Chapter 9
Chapter 9 Classification and Regression Trees
Original Code Credit:: Shmueli, Galit; Bruce, Peter C.; Gedeck, Peter; Patel, Nitin R.. Data Mining for Business Analytics Wiley.
Modifications have been made from the original textbook examples due to version changes in library dependencies and/or for clarity.
Download this notebook and data here.
Import Libraries
import os
import pandas as pd
import numpy as np
from sklearn.tree import DecisionTreeClassifier, DecisionTreeRegressor
from sklearn.ensemble import RandomForestClassifier, GradientBoostingClassifier
from sklearn.model_selection import train_test_split, cross_val_score, GridSearchCV
import matplotlib.pylab as plt
from dmba import plotDecisionTree, classificationSummary, regressionSummary
import matplotlib
%matplotlib inline
no display found.

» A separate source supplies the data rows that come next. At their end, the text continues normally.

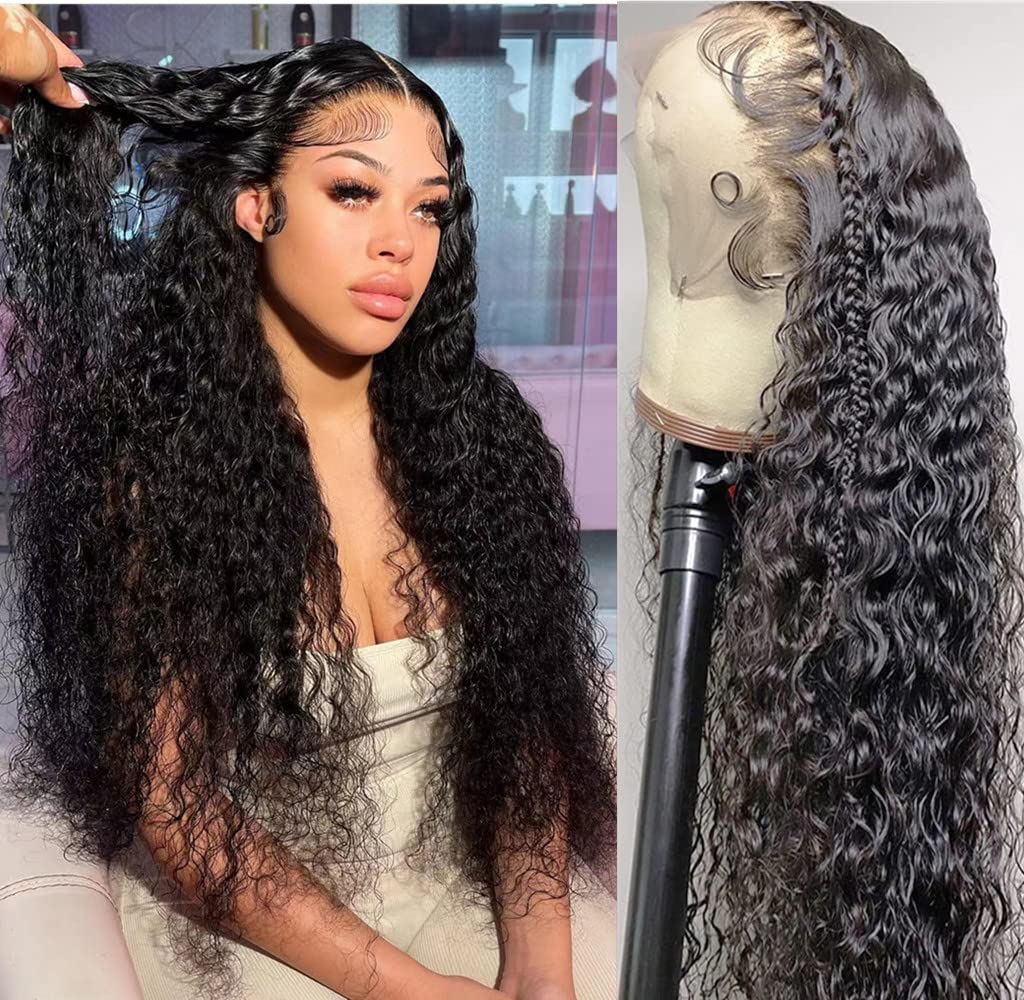 Josblue Deep Wave Lace Front Wigs Human Hair Curly Human Hair Wigs Wet And Wavy Human Hair Wigs Human Hair For Black Women Wigs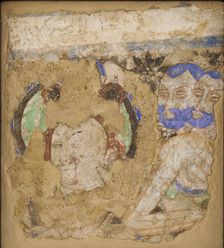 Bodhisattvas and Monks, from Cave 224, 4th-6th century. Creator: Unknown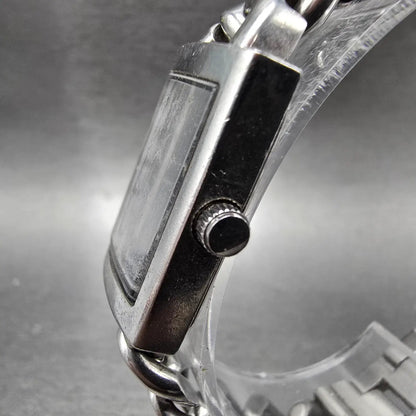 Bulova Harley Davidson Watch Women 20mm White Dial Silver Rectangle New Battery2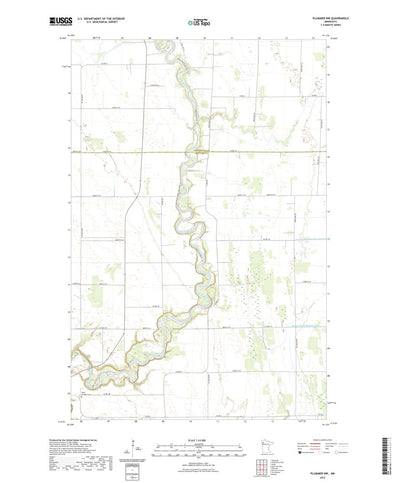 United States Geological Survey Plummer NW, MN (2022, 24000-Scale) digital map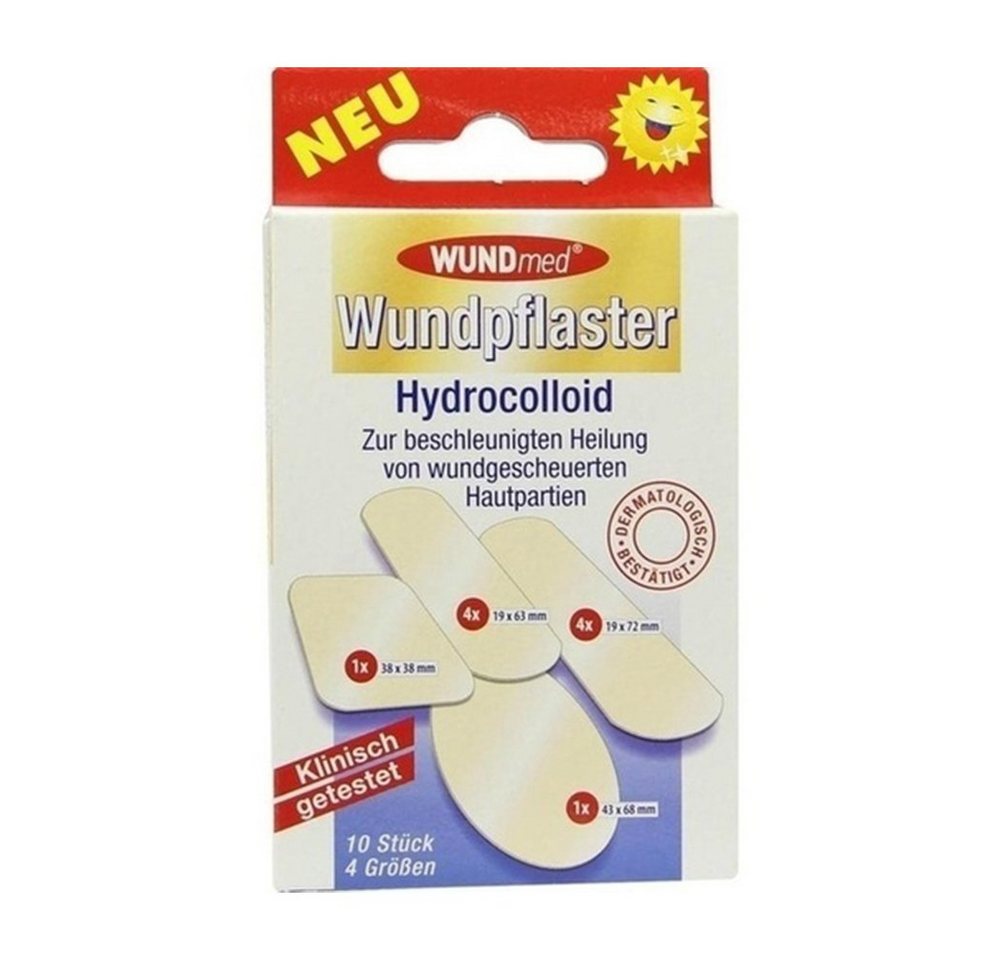 Axisis GmbH Pflaster WUNDPFLASTER Hydrocolloid 4 Größen, 10 St (10 St) von Axisis GmbH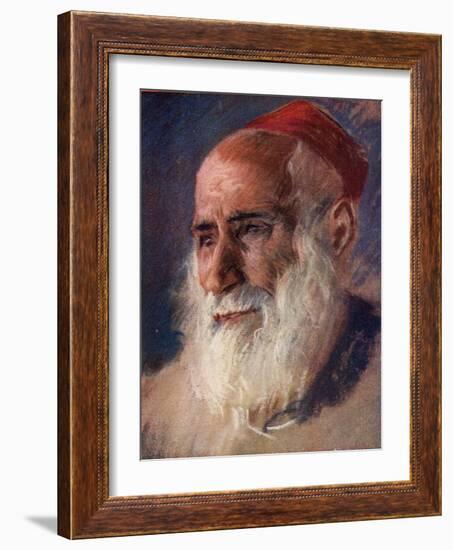 A Jewish beggar in the Holy Land c1910-Harold Copping-Framed Giclee Print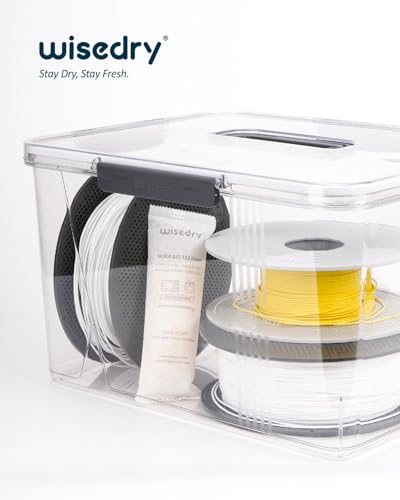 Image of wisedry 112 Gram [4 Packs] Silica Gel Desiccant Packs for Larger Container Desiccant Bags with Orange Indicating Beads for 3D Printer Filament Gun Safe Camera Electronics Equipment Food Grade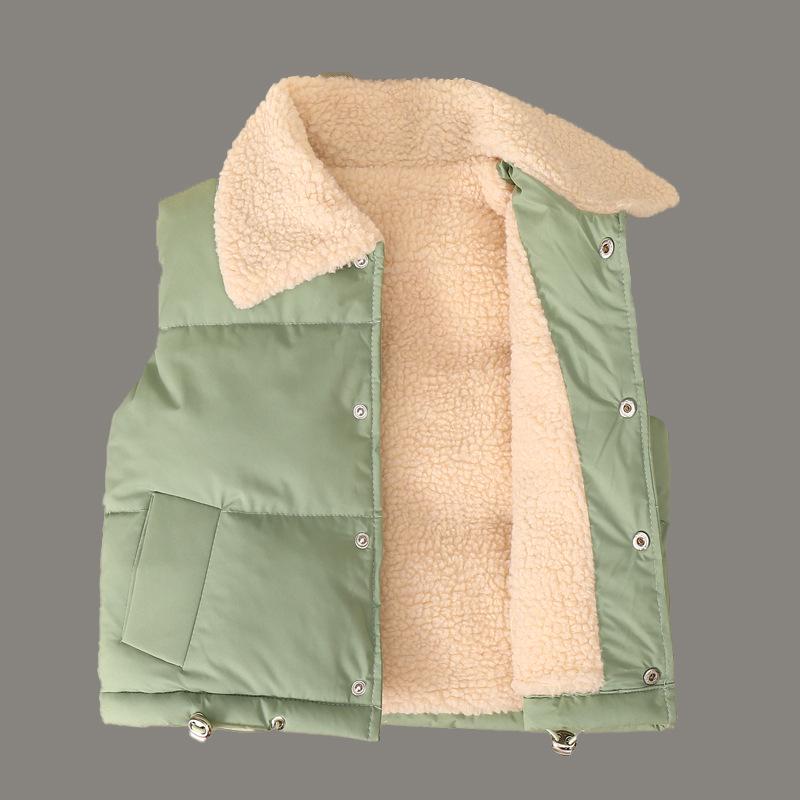 2026 Children's Fleece Vest - Girls' Autumn/Winter Warm Top Outerwear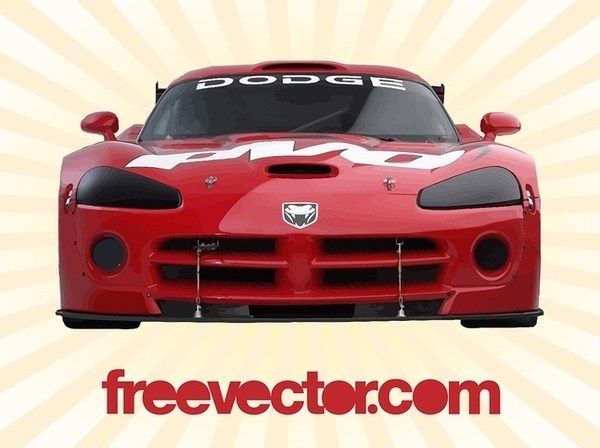 600x448 Dodge Viper Front View Free Vector Free Car Images Vector Free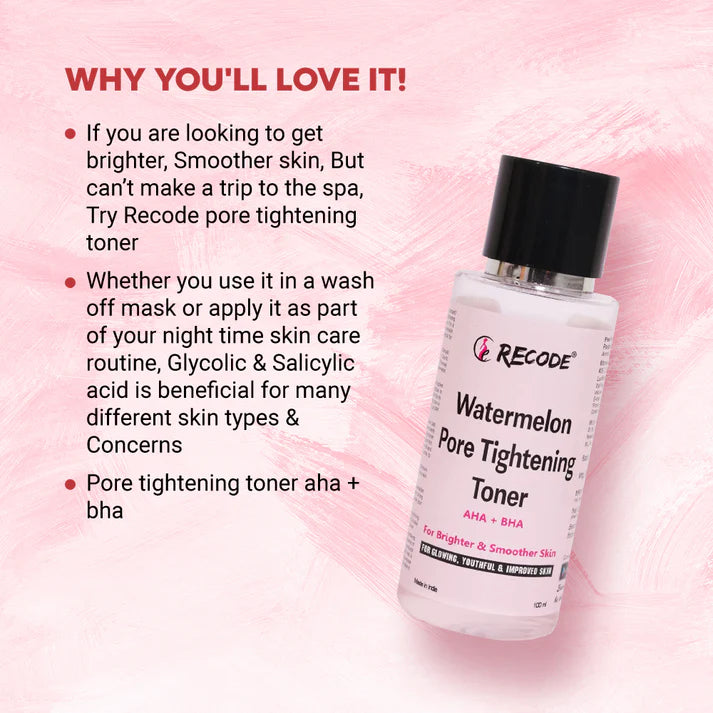 Recode Watermelon Pore Tightening Toner - 100 ML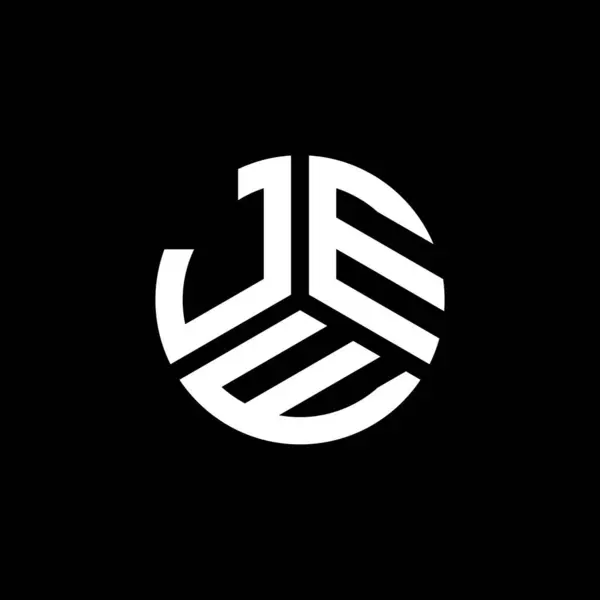 Jee Carta Logotipo Design Fundo Preto Jee Iniciais Criativas Conceito — Vetor de Stock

Using non-interactive Agg backend
9.2 Classification Trees
Example: Riding Mowers
mower_df = pd.read_csv(os.path.join('data', 'RidingMowers.csv'))
# use max_depth to control tree size (None = full tree)
classTree = DecisionTreeClassifier(random_state=0, max_depth=1)
classTree.fit(mower_df.drop(columns=['Ownership']), mower_df['Ownership'])
print("Classes: {}".format(', '.join(classTree.classes_)))
plotDecisionTree(classTree, feature_names=mower_df.columns[:2],
class_names=classTree.classes_)
Classes: Nonowner, Owner
9.3 Evaluating the Performance of a Classification Tree
Example 2: Acceptance of Personal Loan
bank_df = pd.read_csv(os.path.join('data', 'UniversalBank.csv'))
bank_df.drop(columns=['ID', 'ZIP Code'], inplace=True)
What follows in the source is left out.